> The data:
════════════════
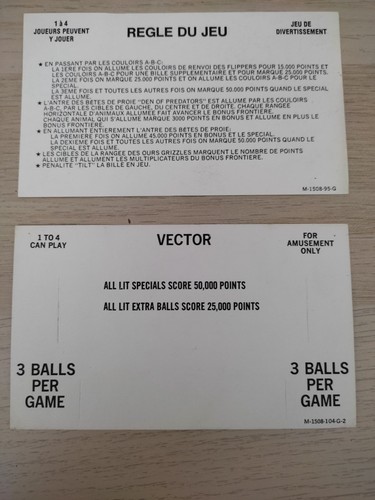 Bally vector cartes - vector,
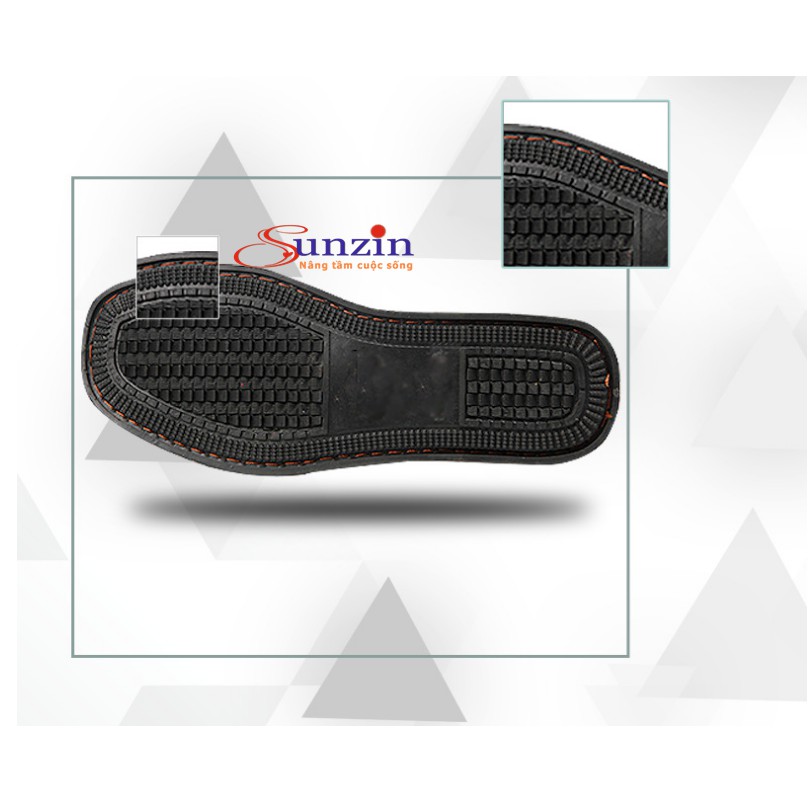 Giày lười vải đế cao su siêu bền dành cho cả nam và nữ (đủ size từ 35-45)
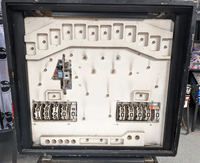 Image # 82001: Planets Backbox Insert - Front 
(Serial number 95592.)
════════════════
> Exercise:
Copy everything in the listing above exactly except the pictures.

> Response area:
 Bally vector cartes - vector,
 Giày lười vải đế cao su siêu bền dành cho cả nam và nữ (đủ size từ 35-45)
 Image # 82001: Planets Backbox Insert - Front 
(Serial number 95592.)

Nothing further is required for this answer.